LOS ANGELES (AP) — CBS Corp. Chief Executive Les Moonves gave an upbeat view of the health of broadcast TV Wednesday as the company reported strong results for the first three months of the year. He also dismissed startup Aereo as an "insignificant player" that was stealing CBS' signal.
Moonves told investors that Aereo has "gotten way too much attention" from the news media. The New York-based company takes broadcast signals for free from the airwaves and charges customers to watch them over computers and mobile devices. That threatens CBS' ability to collect fees from traditional service providers such as cable TV for rights to redistribute its stations' signals.
"We're not losing sleep over it. It is an insignificant player that has a couple thousand (subscribers)," Moonves said on a conference call. "We think ultimately that it goes away."

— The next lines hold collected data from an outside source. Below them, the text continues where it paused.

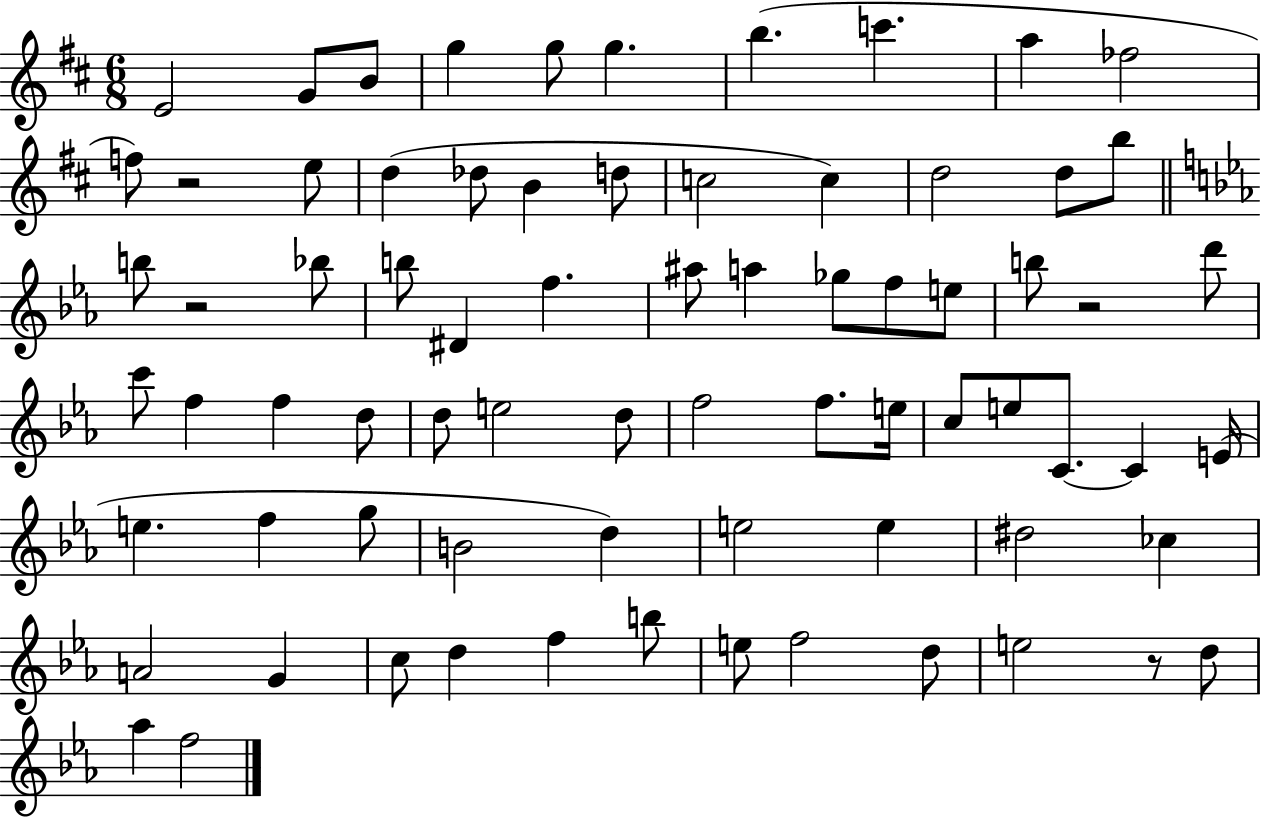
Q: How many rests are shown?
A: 4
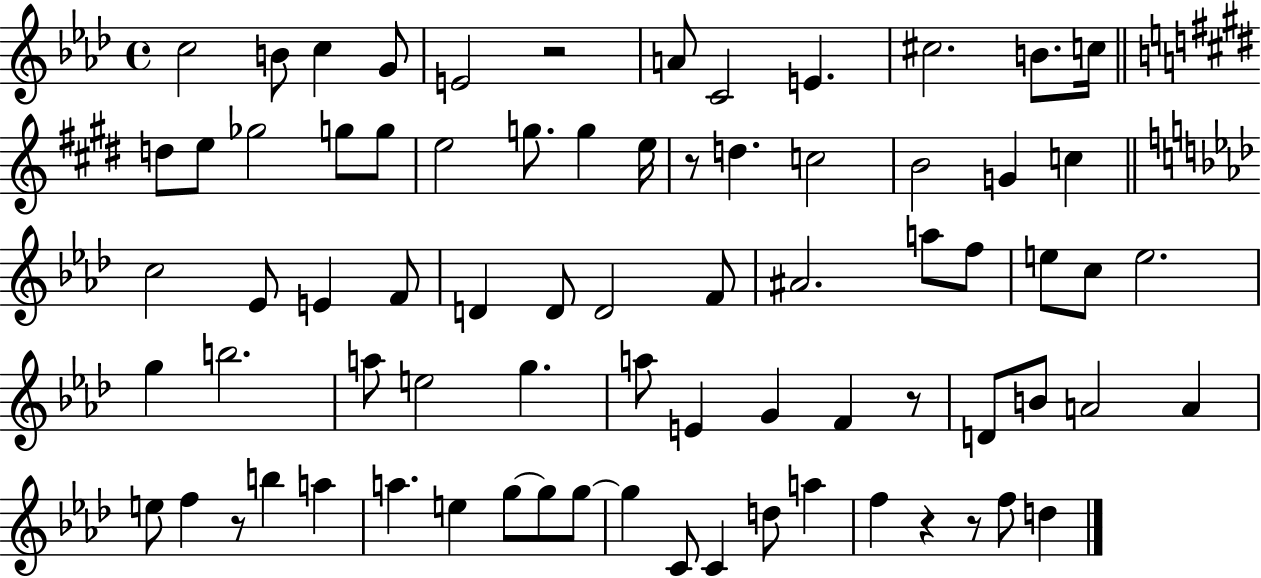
C5/h B4/e C5/q G4/e E4/h R/h A4/e C4/h E4/q. C#5/h. B4/e. C5/s D5/e E5/e Gb5/h G5/e G5/e E5/h G5/e. G5/q E5/s R/e D5/q. C5/h B4/h G4/q C5/q C5/h Eb4/e E4/q F4/e D4/q D4/e D4/h F4/e A#4/h. A5/e F5/e E5/e C5/e E5/h. G5/q B5/h. A5/e E5/h G5/q. A5/e E4/q G4/q F4/q R/e D4/e B4/e A4/h A4/q E5/e F5/q R/e B5/q A5/q A5/q. E5/q G5/e G5/e G5/e G5/q C4/e C4/q D5/e A5/q F5/q R/q R/e F5/e D5/q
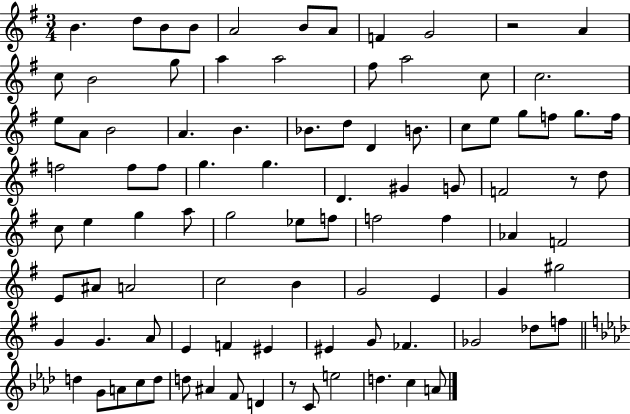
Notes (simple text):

B4/q. D5/e B4/e B4/e A4/h B4/e A4/e F4/q G4/h R/h A4/q C5/e B4/h G5/e A5/q A5/h F#5/e A5/h C5/e C5/h. E5/e A4/e B4/h A4/q. B4/q. Bb4/e. D5/e D4/q B4/e. C5/e E5/e G5/e F5/e G5/e. F5/s F5/h F5/e F5/e G5/q. G5/q. D4/q. G#4/q G4/e F4/h R/e D5/e C5/e E5/q G5/q A5/e G5/h Eb5/e F5/e F5/h F5/q Ab4/q F4/h E4/e A#4/e A4/h C5/h B4/q G4/h E4/q G4/q G#5/h G4/q G4/q. A4/e E4/q F4/q EIS4/q EIS4/q G4/e FES4/q. Gb4/h Db5/e F5/e D5/q G4/e A4/e C5/e D5/e D5/e A#4/q F4/e D4/q R/e C4/e E5/h D5/q. C5/q A4/e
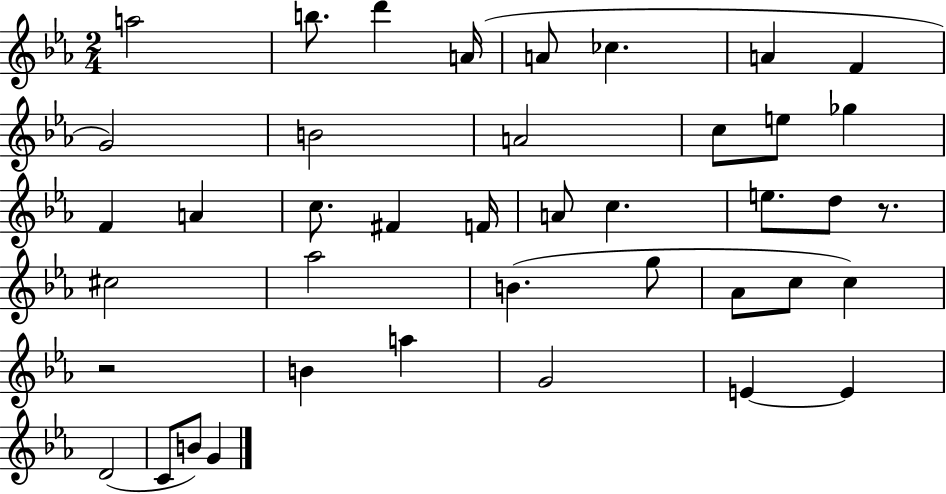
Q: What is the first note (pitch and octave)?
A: A5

Broadcasters such as CBS have sued Aereo for copyright infringement, but so far Aereo has managed to keep operating thanks to a preliminary ruling in its favor last month. The company captures signals using thousands of tiny antennas, which it argues is comparable to individuals buying digital antennas for themselves.
Moonves echoed the comments of News Corp. Chief Operating Officer Chase Carey, who said last month that if Aereo gets a legal OK to keep operating, he would consider changing the Fox network to a channel available only through cable and satellite TV services.
Moonves said that making this switch at CBS would be "fairly easy to do" and not that disruptive because 85 percent of people who watch CBS do so through TV providers such as cable and satellite companies. But he added, "I'm very doubtful that happens."
Moonves' comments came as CBS, the maker of shows such as "NCIS: Los Angeles" and "The Good Wife," reported that first-quarter earnings rose 22 percent to $443 million, or 69 cents per share. Excluding a loss from the outdoor billboard business in Europe and Asia, which CBS expects to sell this year, adjusted earnings came to 73 cents per share, 5 cents better than the 68 cents predicted by analysts polled by FactSet.